Materials provided:
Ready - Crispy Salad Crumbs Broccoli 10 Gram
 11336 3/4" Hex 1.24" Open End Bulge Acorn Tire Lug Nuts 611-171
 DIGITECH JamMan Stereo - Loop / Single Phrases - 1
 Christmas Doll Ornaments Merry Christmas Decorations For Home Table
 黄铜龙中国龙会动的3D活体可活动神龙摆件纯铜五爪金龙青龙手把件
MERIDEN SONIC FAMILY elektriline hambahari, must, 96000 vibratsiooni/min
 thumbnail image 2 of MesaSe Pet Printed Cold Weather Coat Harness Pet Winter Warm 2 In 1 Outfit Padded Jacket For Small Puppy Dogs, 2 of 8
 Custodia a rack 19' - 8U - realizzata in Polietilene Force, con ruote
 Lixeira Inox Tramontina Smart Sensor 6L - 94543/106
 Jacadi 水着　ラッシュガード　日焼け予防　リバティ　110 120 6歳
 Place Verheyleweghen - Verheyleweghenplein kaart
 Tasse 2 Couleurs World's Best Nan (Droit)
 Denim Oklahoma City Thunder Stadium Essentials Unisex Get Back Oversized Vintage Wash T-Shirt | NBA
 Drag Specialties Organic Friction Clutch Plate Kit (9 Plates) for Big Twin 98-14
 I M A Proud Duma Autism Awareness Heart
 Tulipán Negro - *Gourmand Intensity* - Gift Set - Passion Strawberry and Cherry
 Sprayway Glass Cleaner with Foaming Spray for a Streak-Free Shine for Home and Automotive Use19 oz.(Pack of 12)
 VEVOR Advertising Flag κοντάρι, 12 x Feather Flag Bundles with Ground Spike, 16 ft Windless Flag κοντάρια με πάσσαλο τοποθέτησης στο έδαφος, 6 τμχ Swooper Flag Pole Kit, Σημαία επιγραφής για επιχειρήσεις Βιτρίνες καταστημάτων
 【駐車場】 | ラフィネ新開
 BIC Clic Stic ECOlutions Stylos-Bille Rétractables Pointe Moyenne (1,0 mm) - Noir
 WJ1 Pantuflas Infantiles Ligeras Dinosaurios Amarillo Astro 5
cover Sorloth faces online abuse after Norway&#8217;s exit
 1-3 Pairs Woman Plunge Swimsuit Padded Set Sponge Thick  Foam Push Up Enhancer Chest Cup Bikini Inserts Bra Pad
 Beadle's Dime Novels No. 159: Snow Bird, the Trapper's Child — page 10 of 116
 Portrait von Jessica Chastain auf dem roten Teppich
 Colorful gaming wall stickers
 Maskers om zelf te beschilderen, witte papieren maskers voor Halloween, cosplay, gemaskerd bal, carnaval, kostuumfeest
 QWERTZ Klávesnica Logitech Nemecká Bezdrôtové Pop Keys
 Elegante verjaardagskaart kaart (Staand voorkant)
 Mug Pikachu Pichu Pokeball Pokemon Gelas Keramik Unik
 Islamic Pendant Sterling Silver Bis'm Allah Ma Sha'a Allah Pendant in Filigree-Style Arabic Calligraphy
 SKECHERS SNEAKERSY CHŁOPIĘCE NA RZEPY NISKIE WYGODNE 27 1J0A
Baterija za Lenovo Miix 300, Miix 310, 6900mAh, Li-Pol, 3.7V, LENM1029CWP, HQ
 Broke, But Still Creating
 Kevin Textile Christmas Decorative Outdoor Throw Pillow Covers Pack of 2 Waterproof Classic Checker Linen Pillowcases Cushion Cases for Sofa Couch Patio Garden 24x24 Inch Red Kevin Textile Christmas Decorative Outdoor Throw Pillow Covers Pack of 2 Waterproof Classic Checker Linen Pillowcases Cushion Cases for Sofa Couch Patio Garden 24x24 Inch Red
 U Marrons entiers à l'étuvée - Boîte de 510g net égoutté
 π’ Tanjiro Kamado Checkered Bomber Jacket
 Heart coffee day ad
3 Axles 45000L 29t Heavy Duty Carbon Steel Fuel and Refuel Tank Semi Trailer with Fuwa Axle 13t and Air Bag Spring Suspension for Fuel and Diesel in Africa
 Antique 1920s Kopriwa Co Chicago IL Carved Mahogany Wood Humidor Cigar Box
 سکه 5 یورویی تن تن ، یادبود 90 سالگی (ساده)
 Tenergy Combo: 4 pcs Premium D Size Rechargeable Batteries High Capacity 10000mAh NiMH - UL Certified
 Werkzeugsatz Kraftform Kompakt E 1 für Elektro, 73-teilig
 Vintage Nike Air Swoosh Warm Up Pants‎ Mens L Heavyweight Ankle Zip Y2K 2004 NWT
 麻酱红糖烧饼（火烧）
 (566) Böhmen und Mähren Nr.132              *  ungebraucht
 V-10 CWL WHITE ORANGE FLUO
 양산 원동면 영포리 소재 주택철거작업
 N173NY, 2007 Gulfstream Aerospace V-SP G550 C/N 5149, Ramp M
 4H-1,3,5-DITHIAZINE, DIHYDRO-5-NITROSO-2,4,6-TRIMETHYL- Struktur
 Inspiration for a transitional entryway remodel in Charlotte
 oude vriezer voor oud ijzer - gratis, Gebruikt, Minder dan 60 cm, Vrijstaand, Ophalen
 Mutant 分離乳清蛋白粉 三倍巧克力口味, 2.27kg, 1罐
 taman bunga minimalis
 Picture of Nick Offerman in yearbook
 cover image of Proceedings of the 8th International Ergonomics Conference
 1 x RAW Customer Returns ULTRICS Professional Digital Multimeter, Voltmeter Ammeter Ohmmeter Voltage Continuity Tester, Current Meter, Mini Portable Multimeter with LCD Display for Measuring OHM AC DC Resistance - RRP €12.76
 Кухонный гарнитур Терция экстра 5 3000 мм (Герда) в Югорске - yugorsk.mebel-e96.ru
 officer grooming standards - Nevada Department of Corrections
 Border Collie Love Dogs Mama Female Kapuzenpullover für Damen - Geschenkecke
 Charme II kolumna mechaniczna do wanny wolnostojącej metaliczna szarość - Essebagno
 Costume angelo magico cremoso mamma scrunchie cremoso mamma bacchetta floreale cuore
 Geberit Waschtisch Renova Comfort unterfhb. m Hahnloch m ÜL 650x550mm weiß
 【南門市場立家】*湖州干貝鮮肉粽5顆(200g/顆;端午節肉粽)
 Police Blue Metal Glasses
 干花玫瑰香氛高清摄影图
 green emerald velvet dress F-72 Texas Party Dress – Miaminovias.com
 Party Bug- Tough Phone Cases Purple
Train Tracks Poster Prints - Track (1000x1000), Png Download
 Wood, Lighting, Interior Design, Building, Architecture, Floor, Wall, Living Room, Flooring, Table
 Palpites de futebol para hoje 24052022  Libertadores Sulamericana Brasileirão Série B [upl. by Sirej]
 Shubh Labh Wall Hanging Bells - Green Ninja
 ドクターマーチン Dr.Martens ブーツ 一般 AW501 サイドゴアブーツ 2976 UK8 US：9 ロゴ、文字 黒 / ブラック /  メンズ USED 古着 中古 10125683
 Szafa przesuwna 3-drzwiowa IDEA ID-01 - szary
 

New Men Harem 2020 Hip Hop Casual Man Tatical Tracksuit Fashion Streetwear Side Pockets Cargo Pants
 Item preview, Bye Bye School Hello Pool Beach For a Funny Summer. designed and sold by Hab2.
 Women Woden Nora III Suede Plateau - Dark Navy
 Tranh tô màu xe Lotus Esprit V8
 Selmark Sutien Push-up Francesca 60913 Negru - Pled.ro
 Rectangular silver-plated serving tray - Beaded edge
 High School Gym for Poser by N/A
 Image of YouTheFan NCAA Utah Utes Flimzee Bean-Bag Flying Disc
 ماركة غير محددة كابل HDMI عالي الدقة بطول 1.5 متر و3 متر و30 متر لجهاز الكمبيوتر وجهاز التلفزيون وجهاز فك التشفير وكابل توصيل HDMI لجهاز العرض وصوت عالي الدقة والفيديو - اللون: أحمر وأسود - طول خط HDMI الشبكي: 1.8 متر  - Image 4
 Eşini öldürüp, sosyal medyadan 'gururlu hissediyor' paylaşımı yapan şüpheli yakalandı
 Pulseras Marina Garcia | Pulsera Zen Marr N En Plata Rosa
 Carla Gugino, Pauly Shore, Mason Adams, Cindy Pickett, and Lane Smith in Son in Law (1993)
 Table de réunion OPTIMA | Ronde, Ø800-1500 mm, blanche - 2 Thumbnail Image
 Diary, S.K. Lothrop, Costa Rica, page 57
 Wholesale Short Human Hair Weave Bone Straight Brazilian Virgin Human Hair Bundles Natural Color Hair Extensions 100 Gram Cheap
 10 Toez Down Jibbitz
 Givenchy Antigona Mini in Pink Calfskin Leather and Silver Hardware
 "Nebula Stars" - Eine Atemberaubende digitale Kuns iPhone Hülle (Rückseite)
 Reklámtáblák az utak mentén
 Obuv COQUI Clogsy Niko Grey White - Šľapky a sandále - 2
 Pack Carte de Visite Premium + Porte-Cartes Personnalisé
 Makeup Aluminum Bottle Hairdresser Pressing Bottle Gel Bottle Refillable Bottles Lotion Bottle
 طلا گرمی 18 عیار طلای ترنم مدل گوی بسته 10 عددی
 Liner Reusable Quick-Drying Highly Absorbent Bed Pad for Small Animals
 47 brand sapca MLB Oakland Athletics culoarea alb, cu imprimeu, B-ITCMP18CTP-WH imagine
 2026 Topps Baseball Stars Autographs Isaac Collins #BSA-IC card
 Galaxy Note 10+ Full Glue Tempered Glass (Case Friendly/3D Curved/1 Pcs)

About this exercise:
Filter by the word "Bundles": copy every line of the data that holds it.

Result below:
 VEVOR Advertising Flag κοντάρι, 12 x Feather Flag Bundles with Ground Spike, 16 ft Windless Flag κοντάρια με πάσσαλο τοποθέτησης στο έδαφος, 6 τμχ Swooper Flag Pole Kit, Σημαία επιγραφής για επιχειρήσεις Βιτρίνες καταστημάτων
 Wholesale Short Human Hair Weave Bone Straight Brazilian Virgin Human Hair Bundles Natural Color Hair Extensions 100 Gram Cheap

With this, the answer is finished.